As for the year ahead? O’Donoghue was reluctant to comment. Many analysts are making bold predictions for 2025, he observed, but said we’d have to “wait and see.”

Luckily: There are already plenty of predictions floating out there.

2025 outlook 

There’s truly been no shortage of analysts (and other individuals who like to forecast) making bold predictions for the price of gold through 2025. 

One is hard-pressed to blame them.

With the historical run we’ve seen this year, and with key drivers pushing up the price in 2024 not really going anywhere quickly, it’s hard to think otherwise. 

Here’s a rundown of some notable forecasts published in recent weeks, to give you an idea of which way consensus is heading.
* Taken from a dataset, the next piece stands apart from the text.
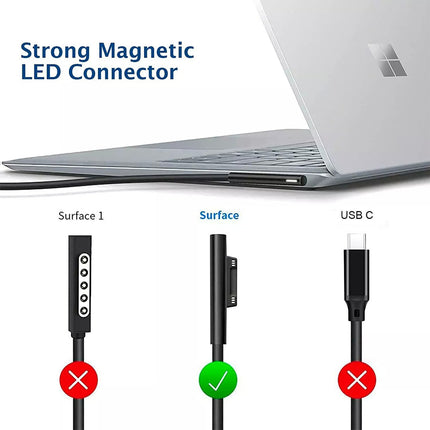 65W Power Supply Charger For Microsoft Surface Book Pro 3 4 5 6 7 Model 1706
  • Gold to hit US$3,000/oz in 2025 – Joni Teves @ UBS 
  • Gold to hit US$3,000/oz by end of 2025 – Lina Thomas @ Goldman Sachs 
  • Gold to trade at US$3,000/oz for parts of 2025 – Axel Rudolph @ IG 
  • Gold to hit upper range of US$2,950/oz in 2025 – Henrik Marx @ Heraeus
  • Rise +14% to average US$2,750/oz in 2025 – Nicky Shiels @ MKS Pamp 
  • Gold at US$3,000/oz in early 2025 – Julia Kandoshko @ Mind Money 
  • A run at US$3,500/oz is “doable” – Lobo Tiggre @ Independent Speculator 

It doesn’t take a genius to see that most financial analysts see gold rising further to hit the US$3K/oz mark (with varying levels of detail about when that will occur.) I understand this isn’t the world’s most exhaustive consensus-collecting exercise, but I also don’t think there needs to be one.

It’s easier to find bulls than bears, right now, put it that way.

And generally, the larger the size of a crowd expecting something in markets, the more chance there is of that thing happening – a self-fulfilling prophecy of sorts. 

Or consensus reality, if you will. And that consensus has widely discounted any kind of shock correction in gold prices any time soon. (Touch wood.)